The New Babylon is a little known work by Dmitri Shostakovich. This CD contains the complete music for the experimental silent film of the same name, written and released in 1929. The work comes from the very final days of the Soviet avante-garde`s brief flowering, and it was also one of the first victims of the doctrine of Soviet Realism that was to haunt Shostakovich for the rest of his life. The film's plot centers around events in Paris of 1871: following the chaos of the successful German counterattack and departure in the Franco-Prussian war, Paris was ruled by a revolutionary Communal Council. The Parisian Communards, despite being eventually destroyed by the regular French Army, were seen as the first true "workers' society" and naturally their story appealed to the communist propagandists in Russia. In the early days of the Soviet Union, Lenin allowed and even encouraged radical developments in the arts; and so a group of young idealistic filmmakers calling themselves The Factory of the Eccentric Actor took the tragic tale and turned it into a bizarre grotesquery mocking the forces of capitalism and materialism, with dance hall parodies and mugging in the style of Charlie Chaplin. The title, The New Babylon, refers to a department store/cabaret in Paris where much of the action takes place. I've not seen the film, but the description in the program notes makes the whole thing sound appalling. But then Shostakovich entered the project.
In 1929, Shostakovich was 23 years old and had just finished his absurdist opera The Nose. He had started his career as a pianist in silent film theatres; and so he was the perfect choice for composer of the film score to The New Babylon.
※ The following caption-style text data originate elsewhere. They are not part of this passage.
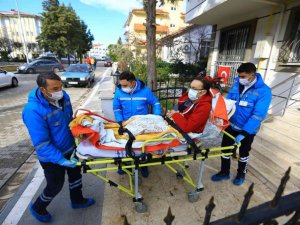 Evde bakım hizmetleri ile 208 bin 750 tıbbi müdahale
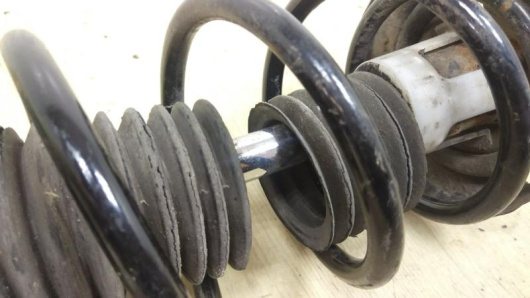 Амортизатор передний правый Ford 8V5118045BH Амортизатор передний правый Ford 8V5118045BH для авто Купить в Магазине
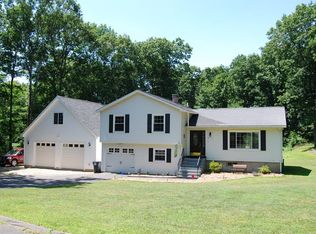 1 Brandywine Dr, Belchertown, MA 01007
The Nose is an eclectic score, combining contemporaneous art music techniques with folk song and cabaret; and in The New Babylon Shostakovich continued this radical approach. He sought not to reflect the action of the film in his music, but the inner story--thoughts and feelings of the characters, reflections on the past, and premonitions of events yet to come. At times the music is in direct contradiction with the images--but this will be lost on listeners to the CD, of course. What remains are two contrasting moods--the first full of zany madcap action as we leer lecherously through the windows of the New Babylon at the deviant, corrupt soul of capitalism; and the second a long, tragic lament for the lost souls of the Paris commune after their overthrow. It's all scored for a small chamber orchestra--Shostakovich originally wrote for 14 musicians, rather impractically, including string quintet and one each of the major wind instruments and a single percussionist; the basel sinfonietta expands the group to 18 players, with three percussionists. They appropriately keep the strings at one on a part--this was composed for a film theatre orchestra and Shostakovich never intended to use an entire symphonic string section. As such, a certain clarity of sound results, although some of the grandeur of Shostakovich's later symphonic writing is missing, but none of the expression and intense emotion.
Sadly, like the The Nose, The New Babylon was an immediate failure. Shostakovich's music was too difficult for the Russian cinema orchestras to play, his musical language too advanced for audiences at that time and place to appreciate; but most importantly the political climate had changed. No longer was the avante-garde encourage; instead, the new doctrine of Soviet Realism would loom menacingly over the arts until the death of Stalin. Rather than simply glorifying the birth of communism, The New Babylon came to be viewed as a covert criticiam of authority. Both The Nose and The New Babylon fell into obscurity, not to be revived for almost 50 years; even then the latter work remained incomplete. Mark Fitz-Gerald and the basel sinfonietta bring us the first recording of the complete score, with the original ending and many restored cuts forced by an early edit of the film. It's a wonderful work with wild, absurd, and sometimes tragic juxtapositions. Particularly moving is the music on the second disc--the sombre original ending and the scene in which a piano player is shot while playing Tchaikovsky were powerful moments, equal to the best Shostakovich. The basel sinfonietta are not, perhaps, the greatest collection of virtuosos to grace a stage--the Naxos marketing strategy is to keep the price point down by using lesser-known artists, and Mark Fitz-Gerald seems to be the conductor based primarily on the extensive musicological research he did into the piece, but nevertheless together they do a very good job in restoring it to life, and certainly it is better than the performances Shostakovich despaired at in Russia. I highly recommend this CD.